Projetos têm pouca área para planos de manejo

A julgar pelos números dos últimos assentamentos criados pelo governo Lula, os sem-terra vão ter de suar para provar que os projetos de desenvolvimento serão, de fato, sustentáveis. A quantidade de terra para cada família é, em alguns casos, inferior ao mínimo que pesquisadores avaliam como necessário. No PDS São João Batista, no entorno do município de Itaituba, chega-se à fração de 5,17 hectares para cada família. Estudos estimam que o manejo florestal só é possível numa área mínima de 100 a 300 hectares.

Nos 30 projetos criados no ano passado, a média é de 86,85 hectares por família assentada. Só em 9 deles a porção de terra é superior a 100 hectares, sendo que o maior será no PDS Boa Vista do Caracol, em Trairão. Lá são 22.743 hectares para 90 famílias. Até hoje não havia um limite mínimo para o tamanho dos projetos de assentamento. Na semana passada, o presidente Lula assinou o Decreto 6.063 que prevê, entre outras coisas, que o Serviço Florestal Brasileiro (SFB) deverá definir as dimensões de terras que permitam a sua exploração sustentável em projetos de manejo.

O engenheiro agrônomo Adalberto Veríssimo, do Imazon, explica por meio de contas as dificuldades que terão os assentamentos do Incra. Se uma família tiver à sua disposição uma unidade agrícola de 100 hectares, ele poderá explorar no máximo 4 hectares por ano - estima-se que só depois de 25 anos uma área de floresta se regenere. Como a renda anual por hectare explorado chega a no máximo US$ 100, o sem-terra vai ganhar US$ 400 num ano.

“Ele não vive com R$ 800 por ano. O que ele vai fazer? Segura a mata por um período curto, depois pega seus hectares, desmata e vende a madeira. Em seguida, vem a pecuária, a agricultura”, raciocina Veríssimo. “Eu, você, se fôssemos um assentado, faríamos isso.” Para o ambientalista, há risco real de os novos projetos de assentamentos se transformarem num grande fornecedor de madeira para a atividade predatória.

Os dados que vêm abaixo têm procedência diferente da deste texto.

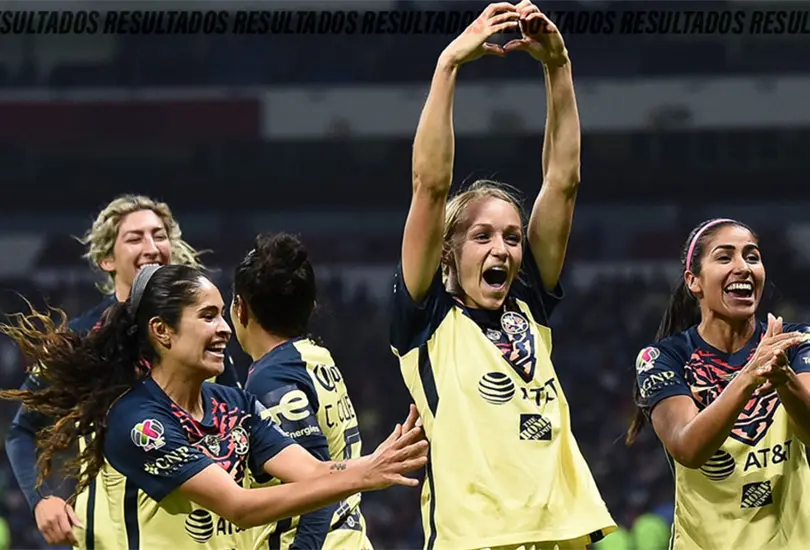 Atlas y Am&eacute;rica toman ventaja en las semifinales de Liga MX Femenil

O SFB já estima que as áreas de uso comunitário, sobretudo os assentamentos, vão ser bem maiores que as de concessão de florestas públicas. Previstas em lei, as concessões liberarão terras para empresas ou pessoas interessadas em explorá-las mediante o pagamento de uma taxa. Segundo Tasso Resende, do SFB, o limite é de até 750 mil hectares leiloados no primeiro ano.

O presidente do Incra, Rolf Hackbart, acredita que universidades, centros de pesquisa e até vencedores de concessões de florestas públicas vizinhas aos assentamentos ajudarão os sem-terra a produzirem seus planos de manejo. “Projeto de assentamento não é apertar um botão de computador. Nesses locais, tem gente sem documento, falta alfabetização, organização, infra-estrutura. Iniciamos um processo.”